UZAK GÜNLÜKLER -11 Eylül 2023/Pazartesi

UZAK GÜNLÜKLER -11 Eylül 2023/Pazartesi

 

“BİLGE KİŞİLER NE ZAMAN SUSACAKLARINI BİLİRLER. SADECE AHMAKLAR BİLDİKLERİ HER ŞEYİ BAŞKALARINA ANLATIR.”

Zaman değil, yaşam insanı değiştiren. Aynı şeyleri yaşamaktan, tekrar tekrar anlatmaktan ayrılış; kopuş.

Alıntıyı bir kitabın arka kapağından aldım. Beni derinden etkiledi.
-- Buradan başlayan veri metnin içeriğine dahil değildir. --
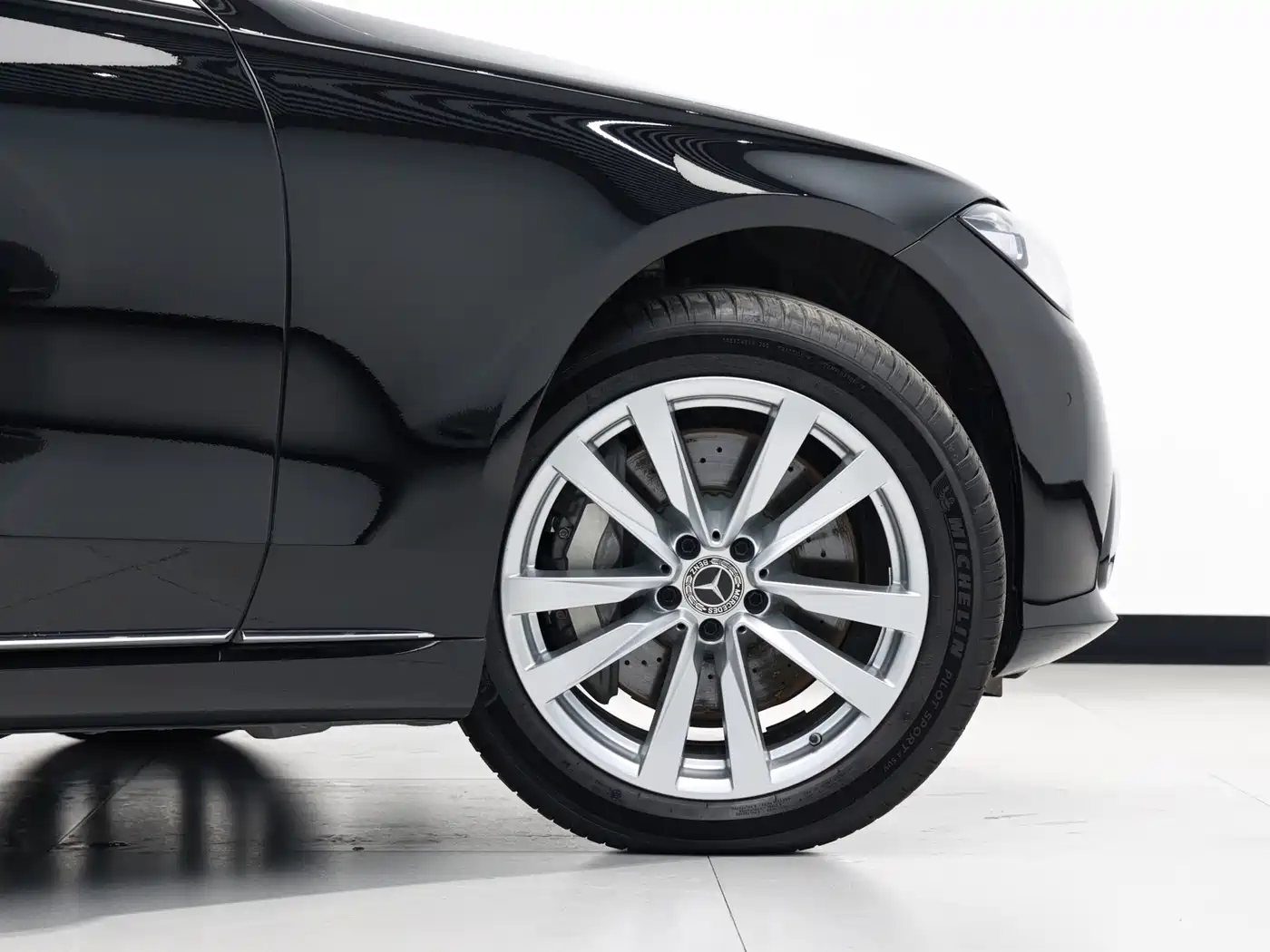 Mercedes-Benz S-Class 2023 Model S 400 L Business Edition фото 4
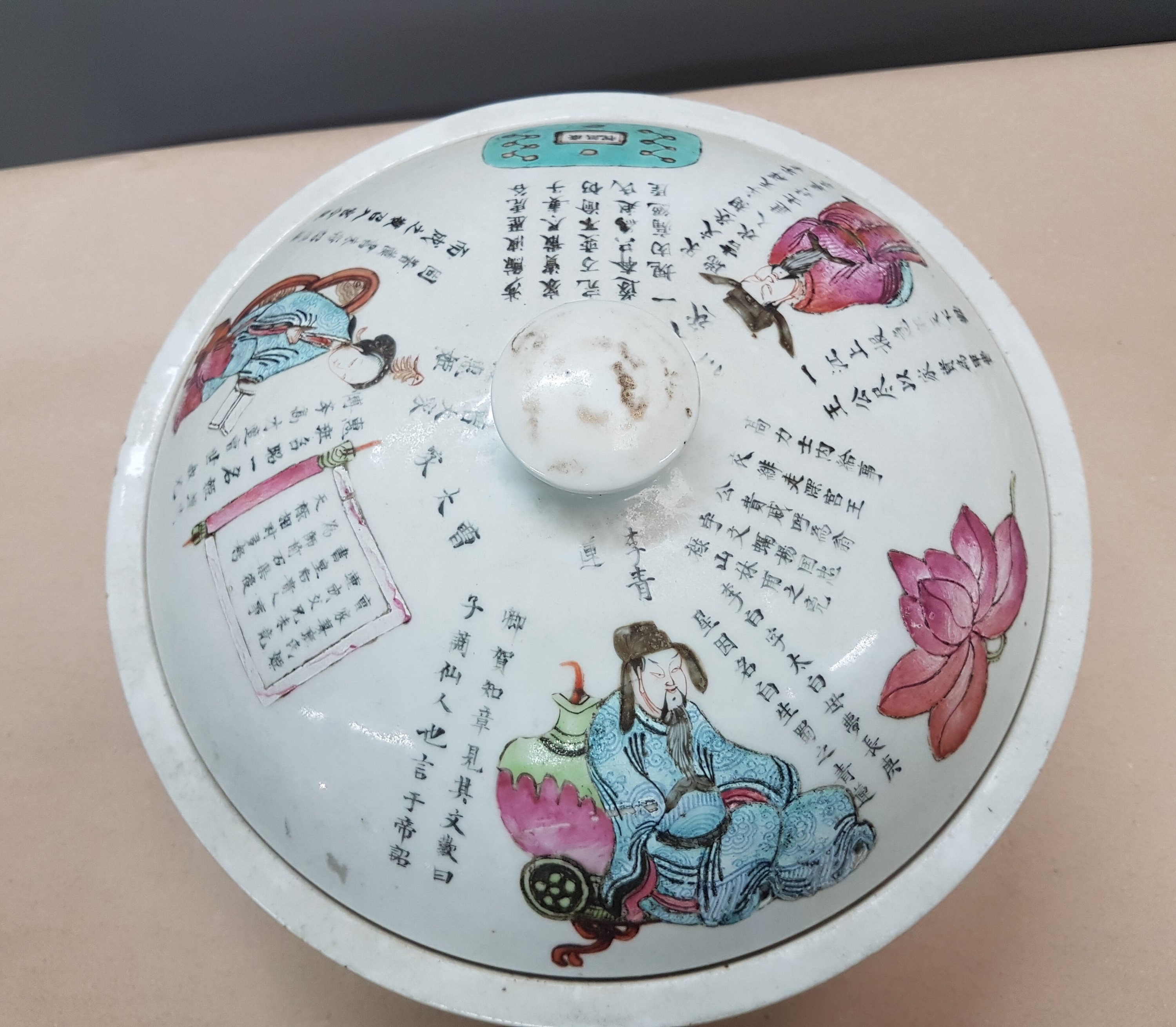 Detail c: Große Deckelschüssel/Schüssel für Speisen, China, um 1860, Porzellan, mit figürlicher Bemalung, umlaufende Schriftzeichen auf Deckel und ...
Uzakta kalan günlükler ve anlatılar için yapacak bir şey kalmadı. Her öğrenilen yeni bilgilerle beni ben yapan uzak hikâyeleri yeni baştan, sil baştan anlatmanın saçmalık düzeyinde kaldığını fark ettim. Yazacak ve anlatacak yeni şeyler gerekiyor. Okumak için seçtiğim kitaplar artık anımsamak için olmayanlardan. Dinginlikleri bana iyi geliyor. Küçük kısa, bir paragraflık ya da iki üç satırlık hikâyeleri sevmeye başladım. Bunlar beni düşündürüyor. Tam da bilge insanların susmaları gerektiği zamanı bildiklerini görüyorum.

Hava sıcaklıkları düştü. İyi oldu. Artık terlemiyorum.

Ne yazacağımı düşünüyorum. Babamı anlatacağım çocuk kitabına başladım ama yeni bir teknik denediğim için bitirmem biraz zaman alacağa benziyor. Günlüklerime belki okuduğum kitaplar hakkında yazmak olarak devam edebilirim. Ne dinlediğim hikâyeler ne de tanık olduklarım artık çekici gelmiyor. Alışmış olmalıyım ki yazmaya bile gerek duymuyorum.

Çocukların yazmalarını destekledim çünkü kendilerini ifade edebilmelerini istiyordum. Onlar okudukları kitaplarda kendilerini bulmaya çalışıyorlardı. Oysa ki kendimizi ancak kendi hikâyelerimizle buluruz. Okuduklarımız bize başka, bambaşka hikâyeler anlatır. Şöyle demek belki de daha doğru olur: Okumalarda, bize okumaya ara verdirip kendimizi düşündürmesi doğru olmamalı. Ya da bu okurluk düzeyinin en başında gereklidir; bu ilk seviyeyi ortaokul yıllarında bırakmış olmamız gerekir. Çocuklar için okur atölyelerinin olması gerektiğini düşünüyorum. Yoksa şekil A’daki gibi sil baştan aynı şeyleri anlatır. Uzağın daha uzağı yoktur sanırım.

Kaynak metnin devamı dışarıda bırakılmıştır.